Robbie Love is a PhD student at the ESRC Centre for Corpus Approaches to Social Science (CASS) at Lancaster University, where he spent four years working on the Spoken British National Corpus 2014 project.
Harry Strawson is a writer living in London and contributed recordings to the Spoken British National Corpus 2014.
Here Robbie and Harry share two different perspectives on the Spoken British National Corpus project ahead of its release next week.
Every day billions of words are uttered in hundreds of languages all over the world. For corpus linguists, that is, people who study the form, use and function of language using specialised computer software, speech is like the golden snitch in a game of Quidditch. It appears to be everywhere around you and yet it is incredibly difficult to capture.
Many examples of writing, especially those found online, are already in a format that can be read on a computer screen. Think e-books, online news articles and tweets. Whereas speech is rarely captured in a permanent form – especially private conversations among family and friends. Words are uttered and then they disappear, leaving no trace.
The result is that linguistic research is often based upon examples of writing and not speech. Transcripts of spoken interactions are rare.
Enter the Spoken British National Corpus 2014 – 11.5 million words of informal British English chit chat collected between 2012 and 2016, fully transcribed for the benefit of linguists, educators and social scientists. It’s a collaborative effort between linguists at the ESRC Centre for Corpus Approaches to Social Science (CASS) at Lancaster University and English language teaching experts at Cambridge University Press – the first of its kind for over two decades.
Harry Strawson is one of the Spoken BNC2014 contributors. He is a member of the public paid to use his smartphone to make recordings of conversations with his family and friends.

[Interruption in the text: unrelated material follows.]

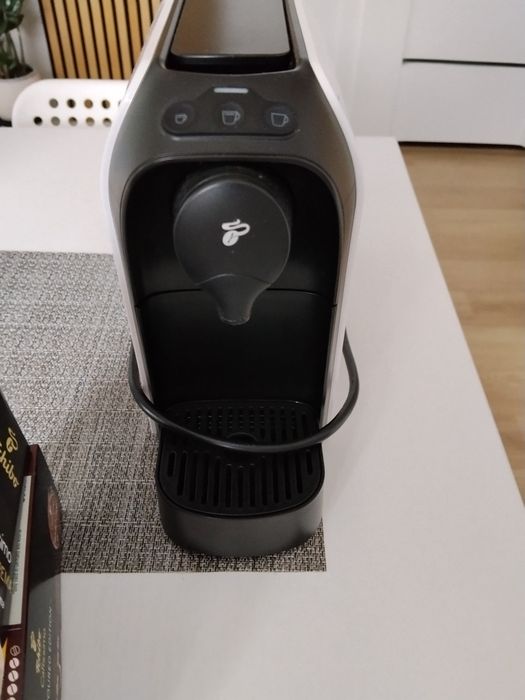 Tchibo Cafissimo Easy Ekspres do Kawy, Biały, 1250W 240V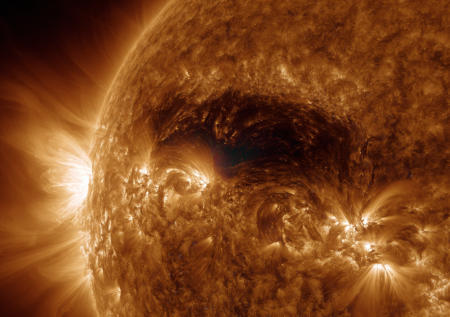 Астроном раскрыл опасность корональных дыр на Солнце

I began submitting conversations to the corpus in 2015. For over a year I recorded industriously. It was only after I had amassed hours of conversation that I really considered what the recordings might be used for. It was difficult to imagine that the humdrum of my family and friends could really interest anyone else. I was curious about the researchers. I realised that an attentive researcher could end up knowing a great deal about my life: a silent, invisible observer hanging on my every word. Occasionally I had a sense that some kind of murky relationship existed between me and the researcher – but I was always aware that it was not me per se that the researchers were interested in. They were interested in what my conversations might reveal about the state of spoken British English today.
I find it strange and exciting to know that all those hours of conversation I recorded will remain as sociolinguistic data in the years to come.
Robbie Love is a researcher for the Spoken BNC2014, and his PhD thesis about the project is funded by ESRC.
I was involved with every stage of the compilation of the Spoken BNC2014, including its design, promotion, transcription, data processing and analysis.
As recordings came in from contributors – including Harry – they were transcribed by a team at Cambridge University Press. Contrary to expectation, this is the only time when someone would listen to the recordings from start to finish. The transcribers were concentrating on typing up what was said as accurately as possible. Some conversations included a dozen speakers, so this was a difficult job.
When I received the contributions they had been transcribed into Word documents. I wasn’t interested in the audio recordings, but rather checking for errors in the transcription and converting these into a special format for corpus analysis. I wouldn’t even read through the transcripts end to end. As hard as it was, I deliberately detached myself from any individual’s story, for fear of spending every day just reading the conversations and not getting any work done.
1,251 transcripts feature in the corpus. They will be used to better understand the changing nature of spoken British English and help teach learners of English.
Sometimes I sit and read through the list of conversations: the newlywed couple reminiscing about their recent honeymoon, the father and daughter chatting in the car, the grandparents visiting family for the day. I realise that what we have gathered is not just a linguistic resource but a unique and permanent record of humanity. I am lucky to have had a hand in its creation.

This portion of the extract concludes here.